**WHAT THE TASK REQUIRES:**
Only the text is wanted; write out each record below exactly and exclude all pictures.
━━━ SUPPLIED ENTRIES
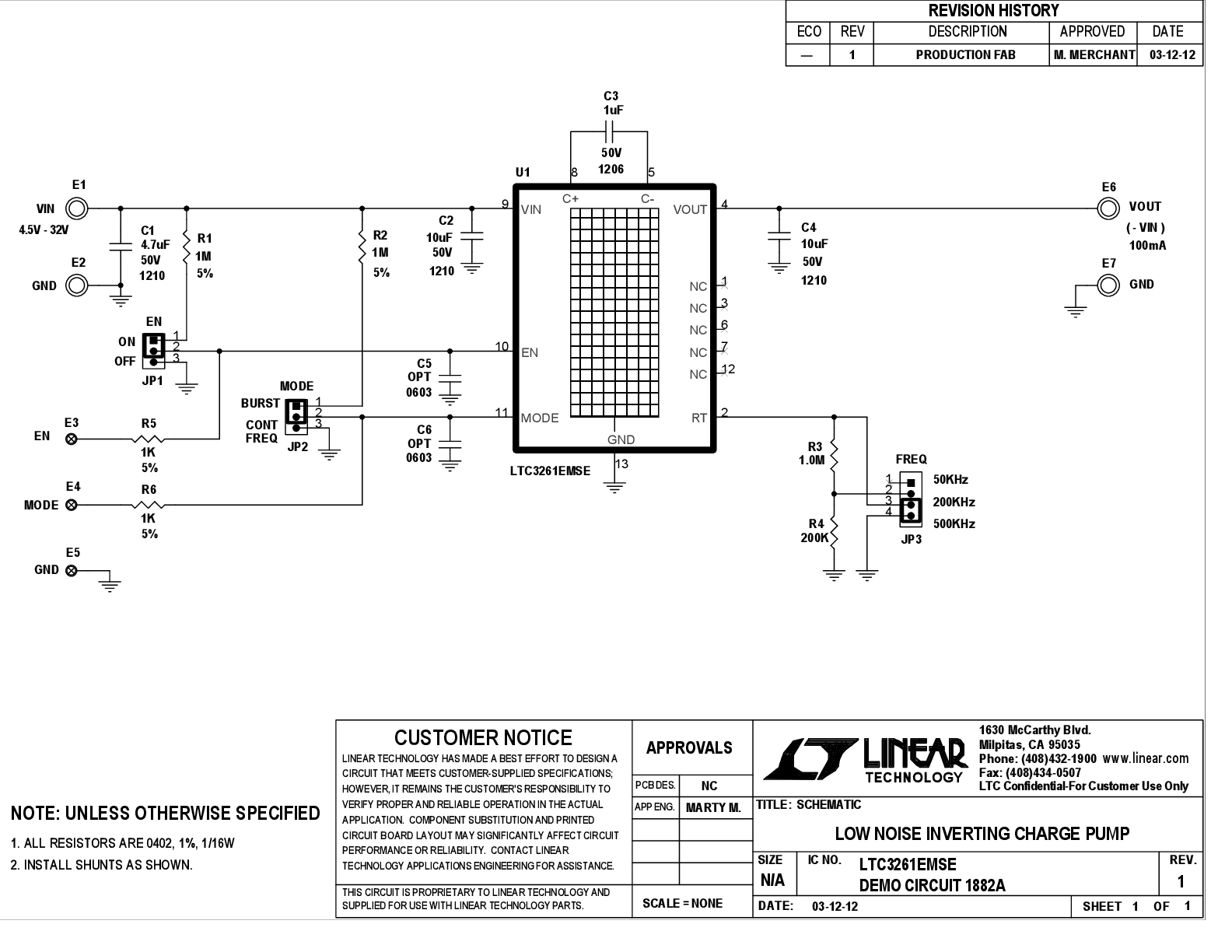 schematic 6
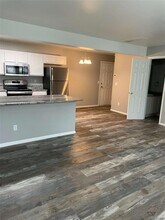 32 N Harlan St in Lakewood, CO - Building Photo - Building Photo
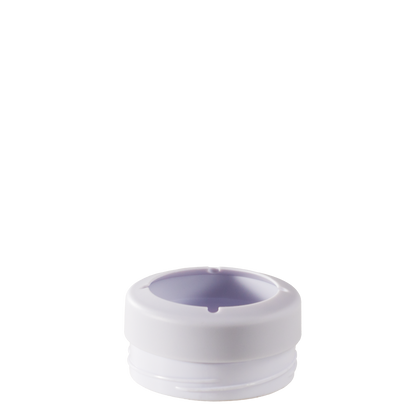 Can Cooler (Slim) - Primrose - US 2754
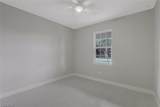 37 23rd Avenue - Photo 27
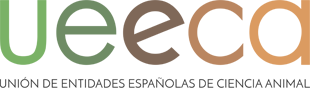 Asociación Española de Cunicultura tweet media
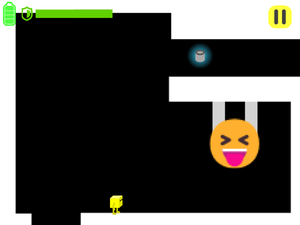 play Bitrun
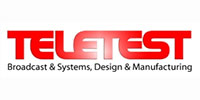 Teletest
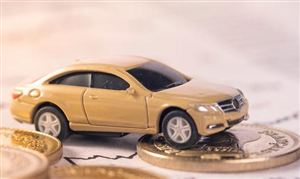 2022中国汽车保险行业市场深度调研分析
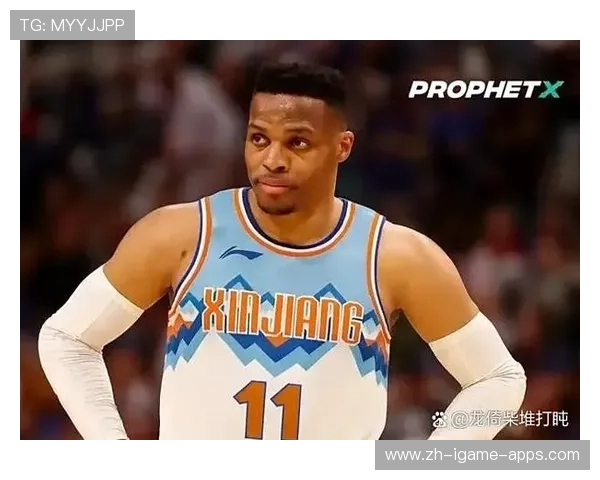 新疆男篮敲定第三外援,2米01锋线强力加盟,场均19分6篮板,新疆男篮第三阶段外援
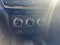2025 Mitsubishi Outlander Sport 2.0 LE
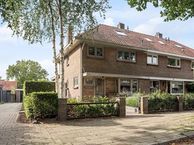 Platanenlaan 5, 3911 PA Rhenen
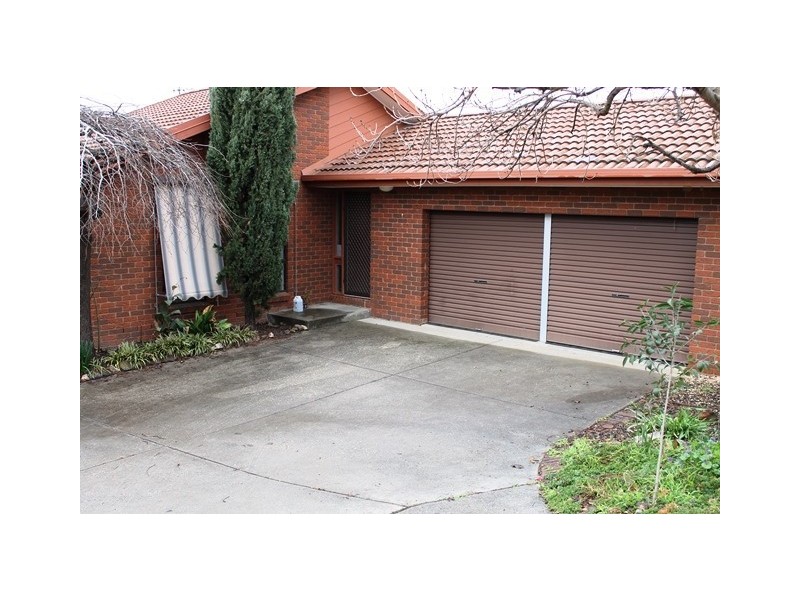 3 McGRATH COURT, Wodonga VIC 3690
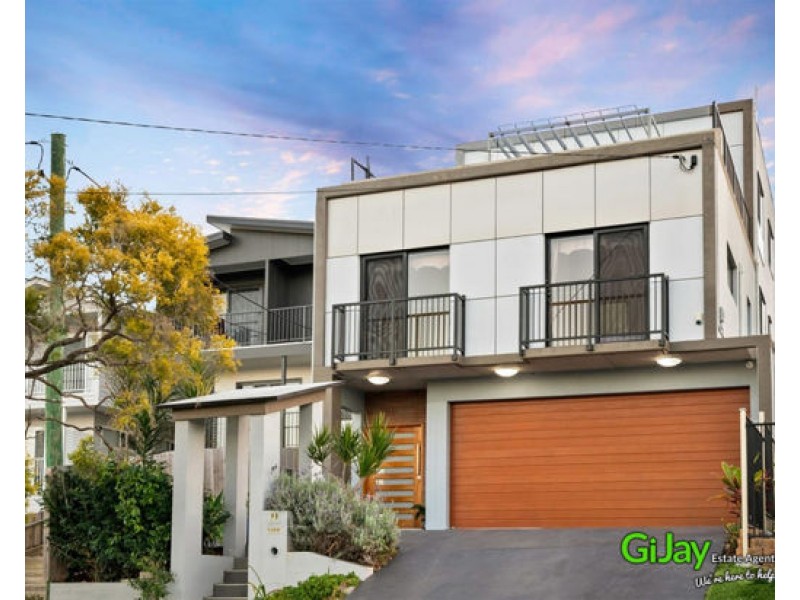 98 Hoff St, Mount Gravatt East QLD 4122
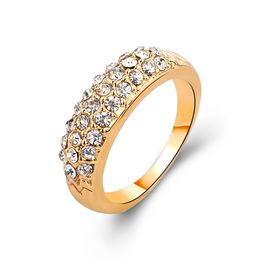 Best engagement rings quality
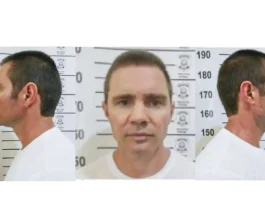 PF indicia 15 por fraude bilionária envolvendo Banco Master e BRB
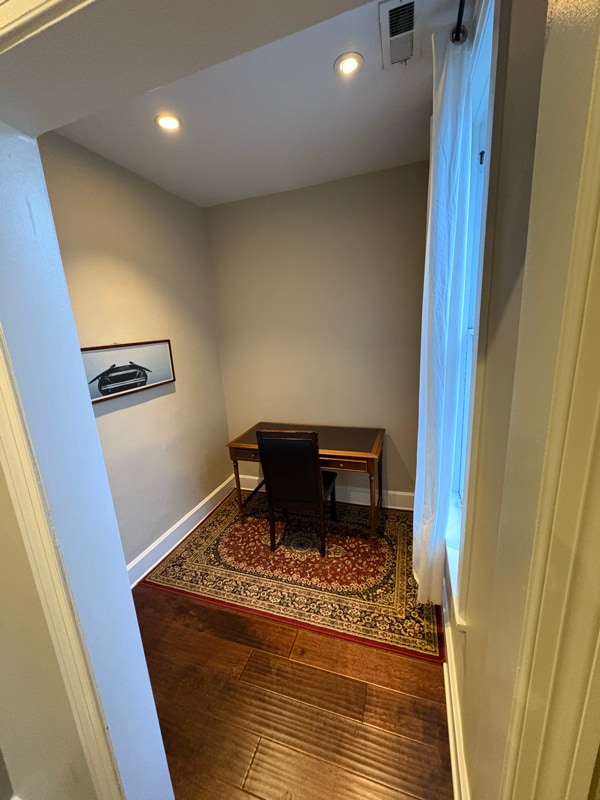 Photo - 3238 N Hoyne Ave Unidad 2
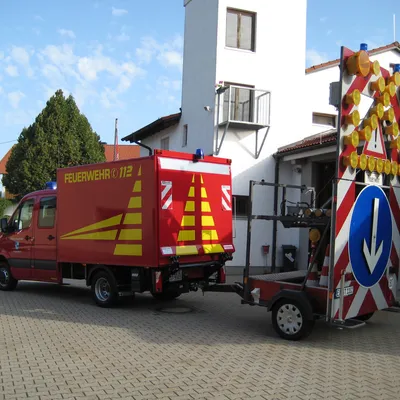 ff-stammham_gw-l5.jpg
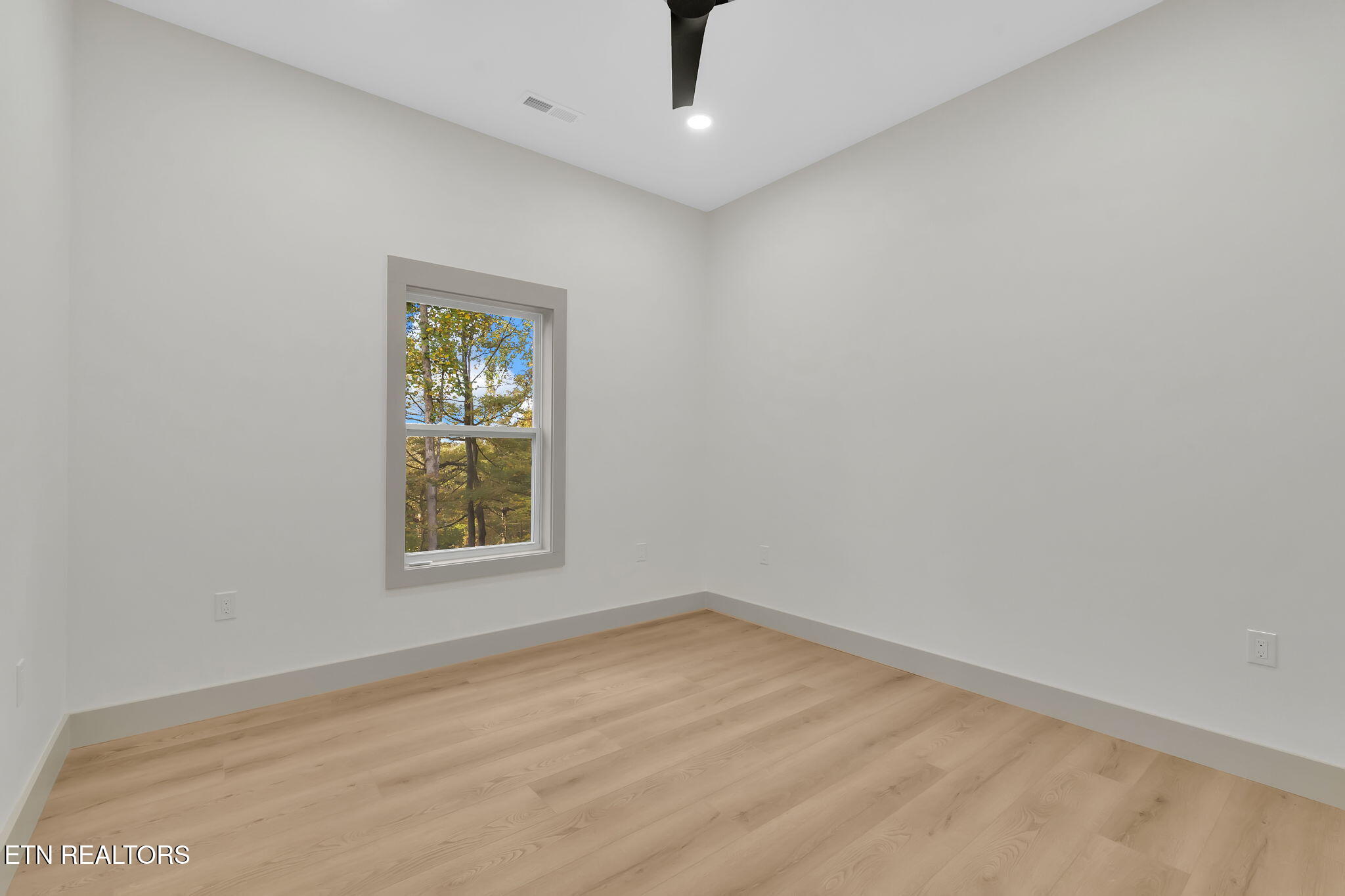 1301 Mountain Terrace Road Knoxville TN 37932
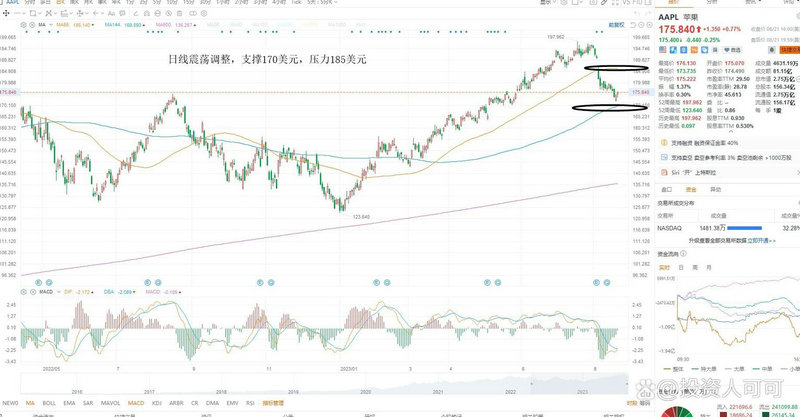 008276价格是多少（财通资管价值发现混合基金）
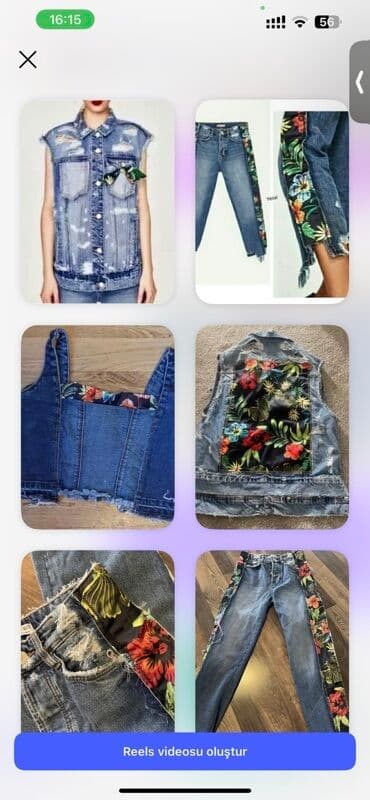 женские юбки шотландки: Мини Юбка, Zara, S — 61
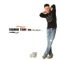 Be Toe - Shahab Tiam lyrics
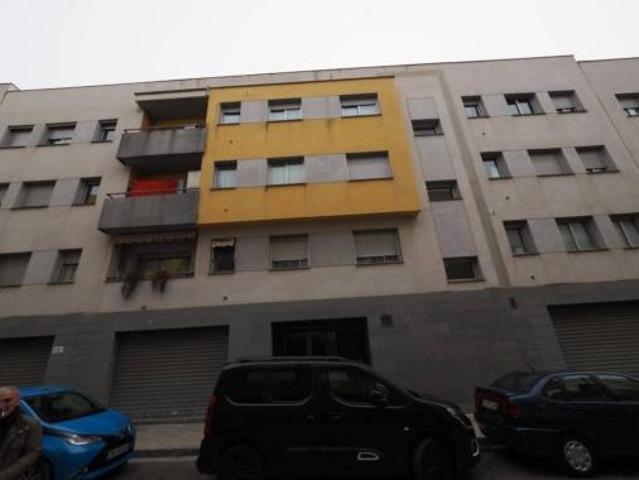 Piso en venta en Anoia, Catalunya
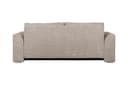 INOSIGN 2-Sitzer BEATRICE | Beige 5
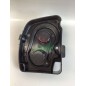 Briggs &amp- Stratton 594574 Luftfilterbasis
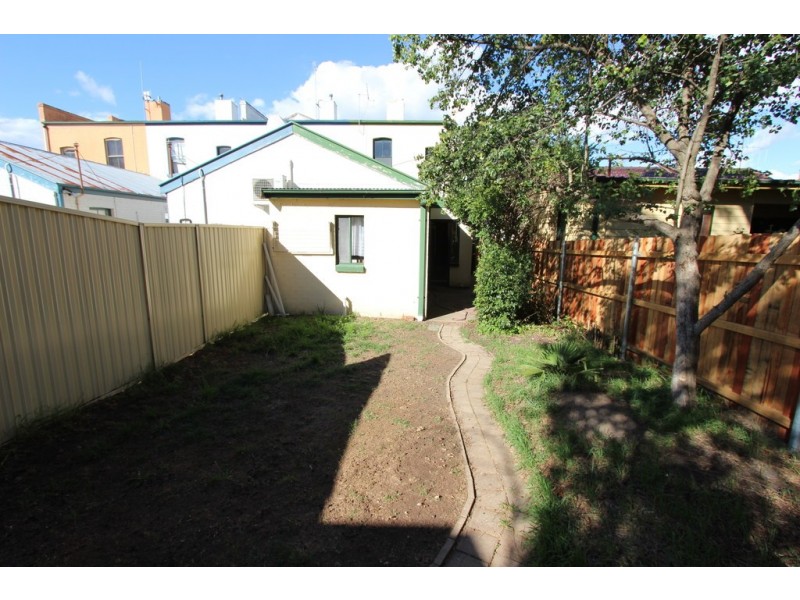 36 Keppel Street, Bathurst NSW 2795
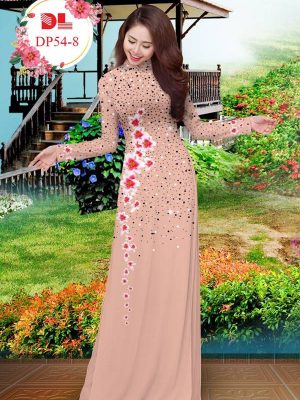 1625218348 987 vai ao dai dep (10)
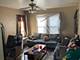 18 E 24th, Chicago Heights, IL 60411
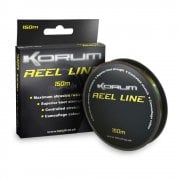 Reel Line for coarse fishing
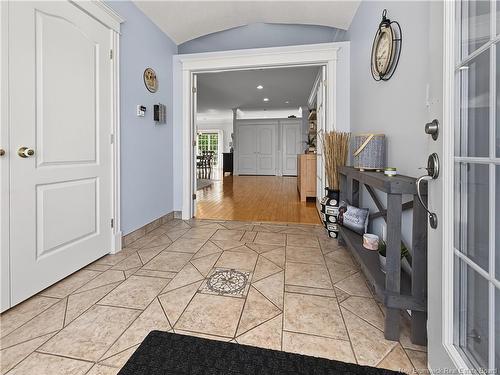 119 Leblanc Ave, Shediac, NB 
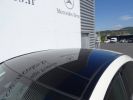 Annonce Mercedes GLE Coupé 350 de 194+136ch AMG Line 4Matic 9G-Tronic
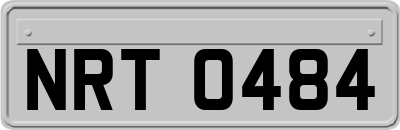NRT0484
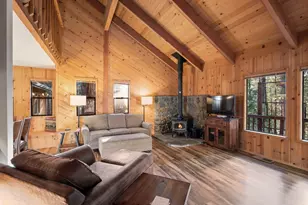 4909 Hokan Cir, Arnold, CA 95223 - Photo 6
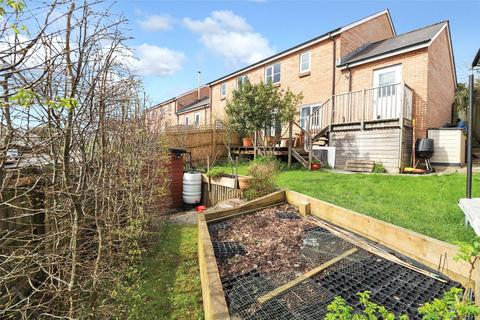undefined, Kingdon Avenue, South Molton, Devon, EX36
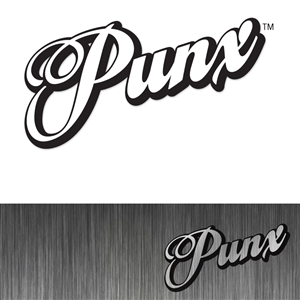 Logo Design by jarofmoths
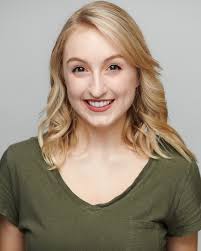 New Dances 2020 is generously supported by Monday, June 22 at 6pm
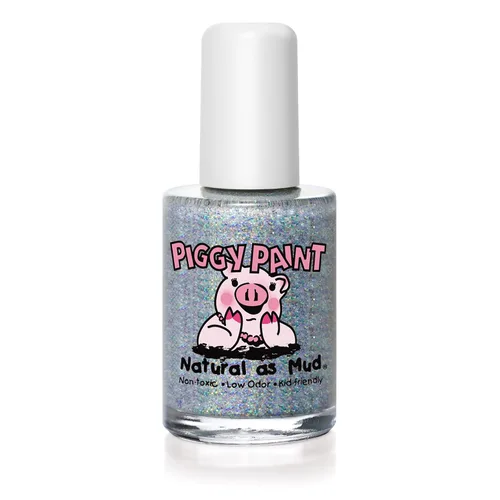 Miniatura 15 de Esmalte de uñas Piggy Paint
━━━━━━
**REPLY:**
 schematic 6
 32 N Harlan St in Lakewood, CO - Building Photo - Building Photo
 Can Cooler (Slim) - Primrose - US 2754
 37 23rd Avenue - Photo 27
 Asociación Española de Cunicultura tweet media
 play Bitrun
 Teletest
 2022中国汽车保险行业市场深度调研分析
 新疆男篮敲定第三外援,2米01锋线强力加盟,场均19分6篮板,新疆男篮第三阶段外援
2025 Mitsubishi Outlander Sport 2.0 LE
 Platanenlaan 5, 3911 PA Rhenen
 3 McGRATH COURT, Wodonga VIC 3690
 98 Hoff St, Mount Gravatt East QLD 4122
 Best engagement rings quality
 PF indicia 15 por fraude bilionária envolvendo Banco Master e BRB
 Photo - 3238 N Hoyne Ave Unidad 2
 ff-stammham_gw-l5.jpg
 1301 Mountain Terrace Road Knoxville TN 37932
 008276价格是多少（财通资管价值发现混合基金）
 женские юбки шотландки: Мини Юбка, Zara, S — 61
 Be Toe - Shahab Tiam lyrics
 Piso en venta en Anoia, Catalunya
 INOSIGN 2-Sitzer BEATRICE | Beige 5
 Briggs &amp- Stratton 594574 Luftfilterbasis
 36 Keppel Street, Bathurst NSW 2795
 1625218348 987 vai ao dai dep (10)
 18 E 24th, Chicago Heights, IL 60411
 Reel Line for coarse fishing
 119 Leblanc Ave, Shediac, NB 
 Annonce Mercedes GLE Coupé 350 de 194+136ch AMG Line 4Matic 9G-Tronic
NRT0484
 4909 Hokan Cir, Arnold, CA 95223 - Photo 6
undefined, Kingdon Avenue, South Molton, Devon, EX36
 Logo Design by jarofmoths
 New Dances 2020 is generously supported by Monday, June 22 at 6pm
 Miniatura 15 de Esmalte de uñas Piggy Paint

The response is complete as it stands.